* _Captioned web images_
<<<<
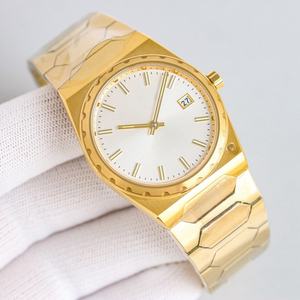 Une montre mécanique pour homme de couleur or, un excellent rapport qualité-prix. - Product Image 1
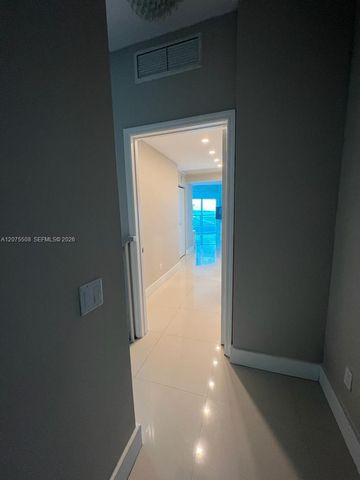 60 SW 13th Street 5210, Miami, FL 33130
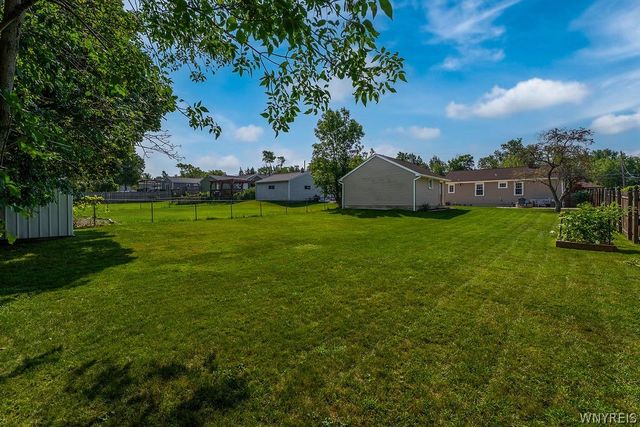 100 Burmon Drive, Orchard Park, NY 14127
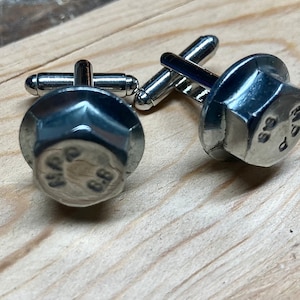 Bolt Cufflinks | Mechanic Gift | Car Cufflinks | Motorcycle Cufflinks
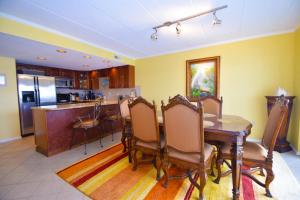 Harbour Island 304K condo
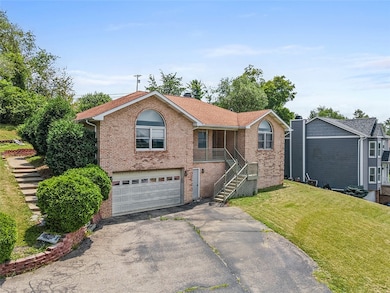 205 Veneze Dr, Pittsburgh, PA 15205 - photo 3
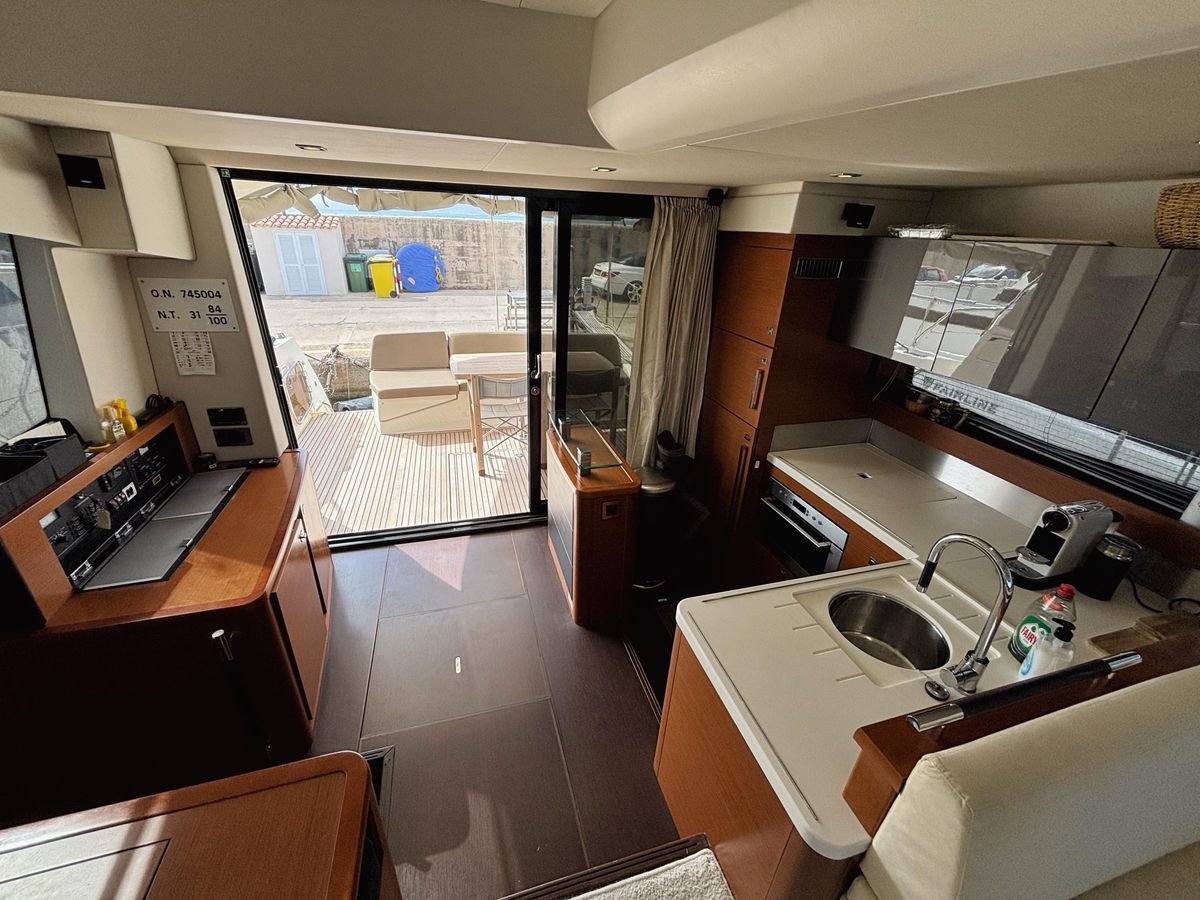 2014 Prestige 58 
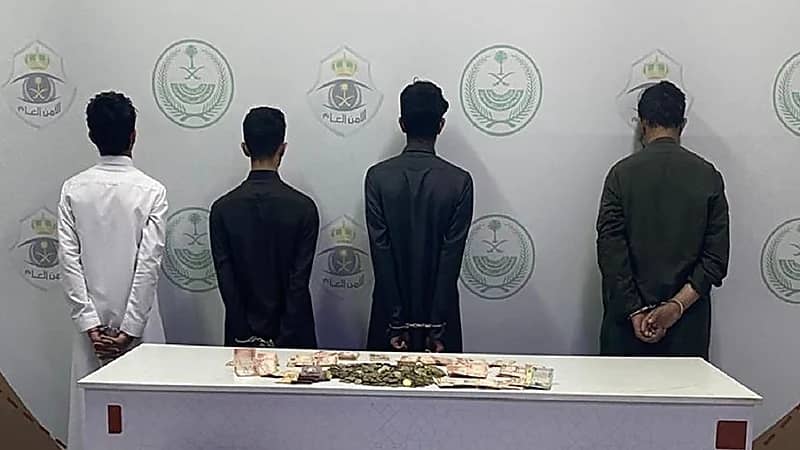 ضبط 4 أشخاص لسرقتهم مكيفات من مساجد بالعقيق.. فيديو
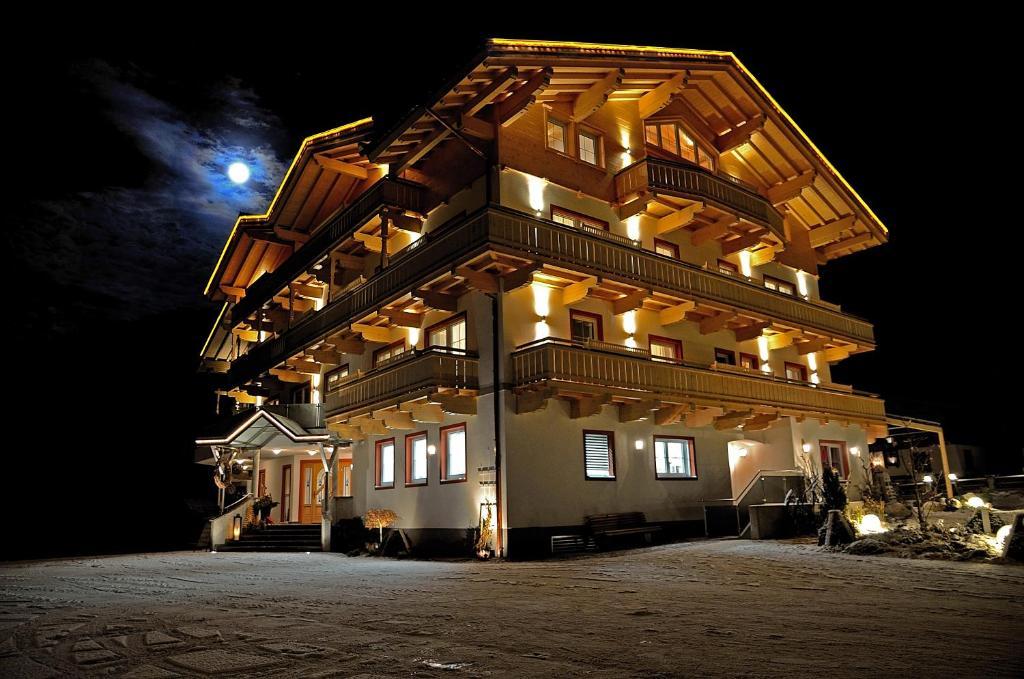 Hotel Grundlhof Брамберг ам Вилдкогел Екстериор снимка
>>>>
<<<<
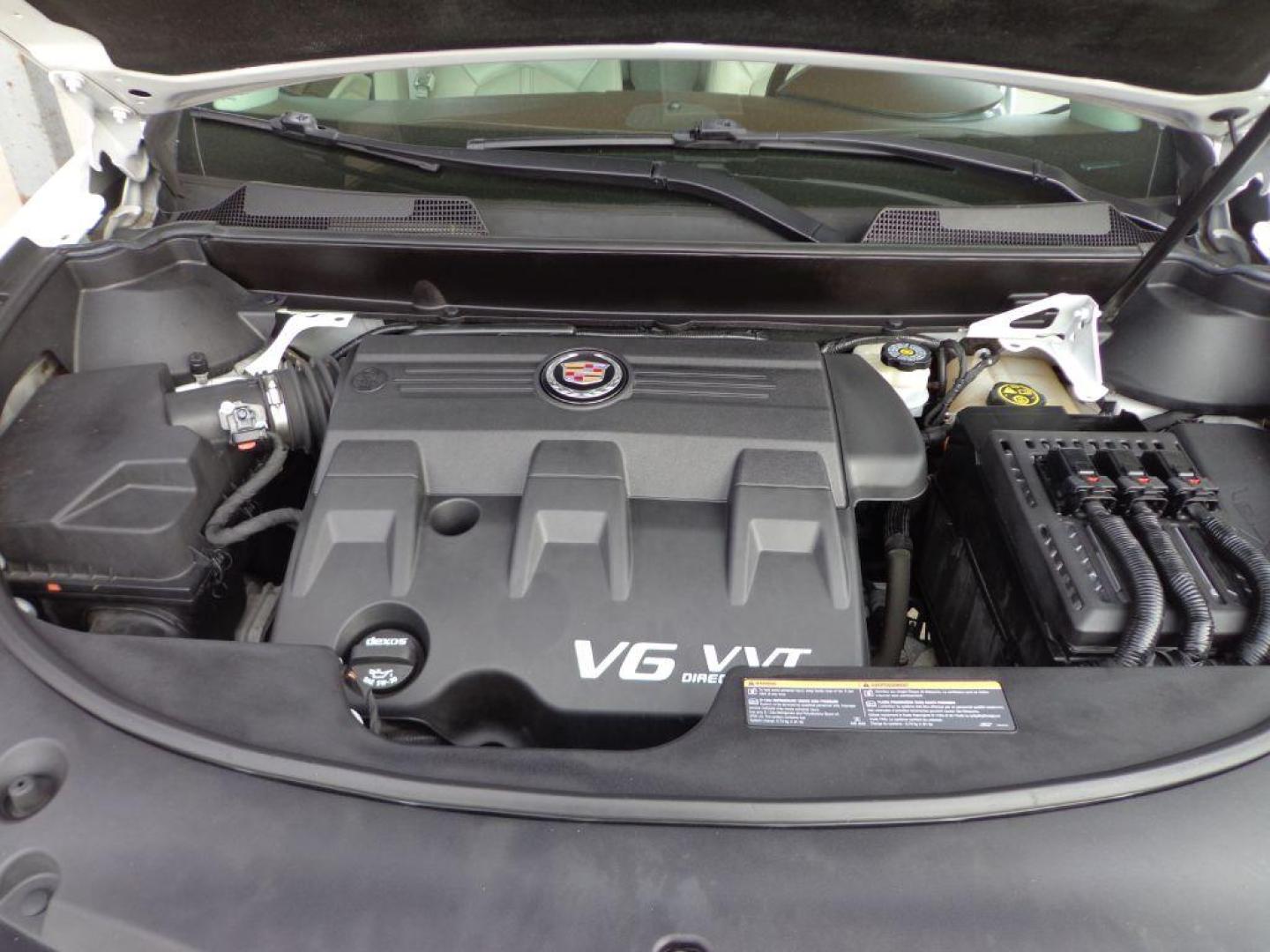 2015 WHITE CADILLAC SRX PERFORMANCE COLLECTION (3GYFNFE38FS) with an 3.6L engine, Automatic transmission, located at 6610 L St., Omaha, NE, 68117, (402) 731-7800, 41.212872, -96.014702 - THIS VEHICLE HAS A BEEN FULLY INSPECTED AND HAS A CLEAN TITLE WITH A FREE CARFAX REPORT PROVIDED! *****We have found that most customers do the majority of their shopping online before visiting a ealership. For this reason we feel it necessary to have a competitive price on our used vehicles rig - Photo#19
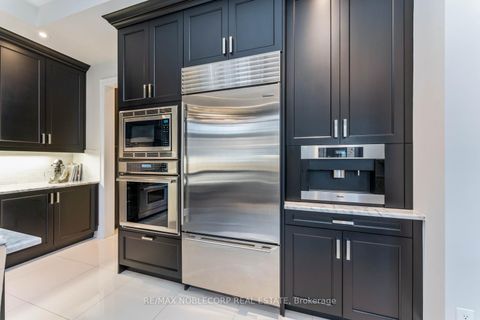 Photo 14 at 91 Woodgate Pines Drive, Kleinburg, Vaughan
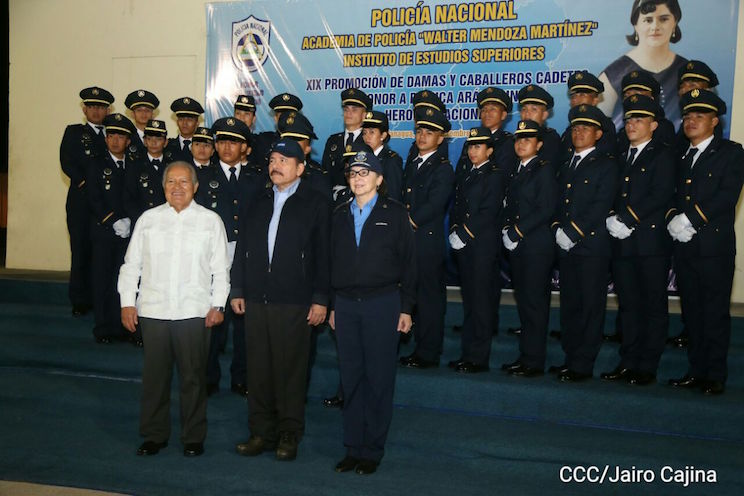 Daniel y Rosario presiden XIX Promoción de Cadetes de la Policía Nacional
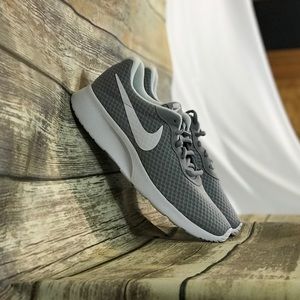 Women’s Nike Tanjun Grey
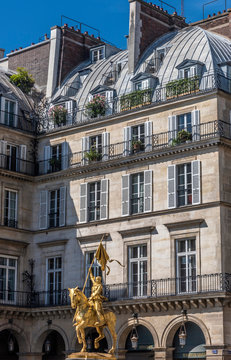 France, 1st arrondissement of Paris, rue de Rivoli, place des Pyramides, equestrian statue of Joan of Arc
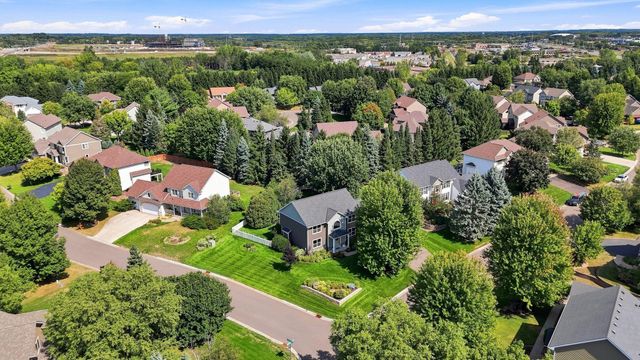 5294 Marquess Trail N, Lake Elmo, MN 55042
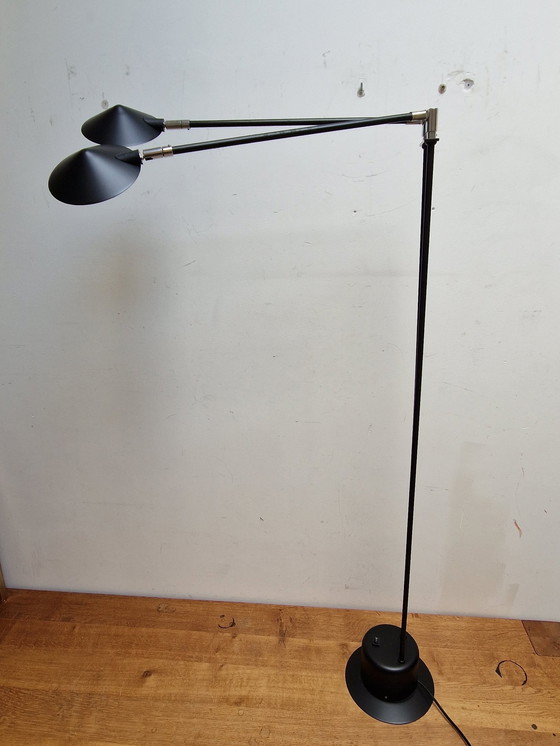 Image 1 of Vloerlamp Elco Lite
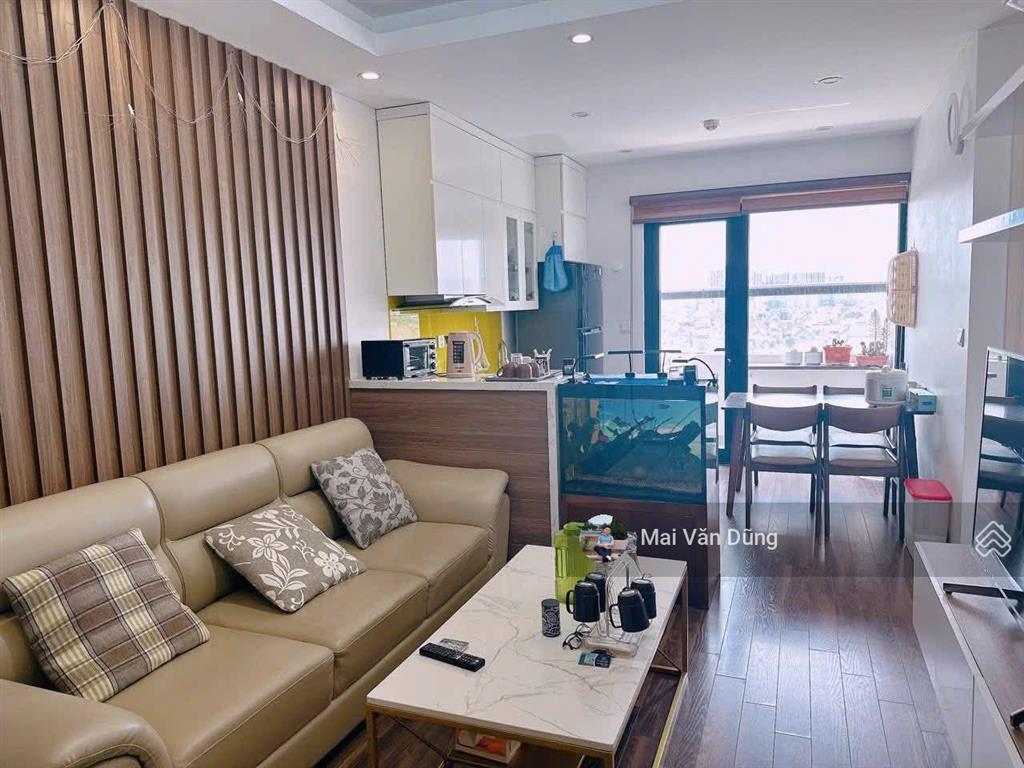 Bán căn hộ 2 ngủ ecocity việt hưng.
>>>>
* _Task goal_
From the line with "ضبط 4 أشخاص" up to and including the line with "Hotel Grundlhof Брамберг" above, retype every line exactly and nothing more; leave out the pictures.

* _Result of the task_
 ضبط 4 أشخاص لسرقتهم مكيفات من مساجد بالعقيق.. فيديو
 Hotel Grundlhof Брамберг ам Вилдкогел Екстериор снимка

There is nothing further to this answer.